The scheme was approved under the State aid Temporary Framework. The public support, which will take the form of loans with subsidised interest rates, will be open to SMEs active in all sectors of the economy, except for the financial sector, the Commission said.

The aid will be provided by the resources of the Cypriot Energy Fund of Funds (co-financed by the European Regional and Development Fund and the State), established by an agreement between Cyprus and the European Investment Bank (EIB) and managed by the EIB.

Under the scheme, the beneficiaries will be able to obtain the subsidised loans from a financial intermediary that will be selected by the EIB through an open and non-discriminatory selection procedure.
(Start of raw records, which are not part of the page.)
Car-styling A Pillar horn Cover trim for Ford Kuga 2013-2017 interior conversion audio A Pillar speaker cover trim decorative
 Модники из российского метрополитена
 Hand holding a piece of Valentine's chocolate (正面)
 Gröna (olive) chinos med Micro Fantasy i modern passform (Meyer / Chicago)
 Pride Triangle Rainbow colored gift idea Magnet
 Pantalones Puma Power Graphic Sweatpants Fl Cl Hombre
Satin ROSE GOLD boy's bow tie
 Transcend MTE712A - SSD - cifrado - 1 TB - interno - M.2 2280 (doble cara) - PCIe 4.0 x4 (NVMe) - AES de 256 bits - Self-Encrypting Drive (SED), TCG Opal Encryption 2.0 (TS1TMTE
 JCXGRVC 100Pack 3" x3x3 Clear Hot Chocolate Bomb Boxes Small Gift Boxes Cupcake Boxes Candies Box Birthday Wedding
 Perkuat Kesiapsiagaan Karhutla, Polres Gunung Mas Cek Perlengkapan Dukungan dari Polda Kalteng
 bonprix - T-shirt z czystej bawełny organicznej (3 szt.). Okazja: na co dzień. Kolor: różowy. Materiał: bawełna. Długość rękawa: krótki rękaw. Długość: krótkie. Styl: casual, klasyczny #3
The purpose of the measure is to help the beneficiaries address the liquidity shortages they face and enhance their access to financing, thus helping them continue their activities during and after the outbreak, the statement said.

The Commission found that the scheme is in line with the conditions set out in the Temporary Framework. In particular, (i) the maturity of the loans is limited to six years, (ii) the annual interest rates on the loans respect the minimum levels set out in the Temporary Framework, (iii) the loan amount per beneficiary is in line with what is foreseen by the Temporary Framework, (iv) the loans relate to investment and/or working capital needs, and (v) the loan contracts will be signed by 31 December 2021 at the latest.

In addition, the measure includes safeguards to ensure that the selected financial intermediary passes on, to the largest extent possible, the advantage of the measure to the final beneficiaries.

The Commission concluded that the measure is necessary, appropriate and proportionate to remedy a serious disturbance in the economy of a Member State, in line with Article 107(3)(b) TFEU and the conditions set out in the Temporary Framework.

On this basis, the Commission approved the measure under EU State aid rules.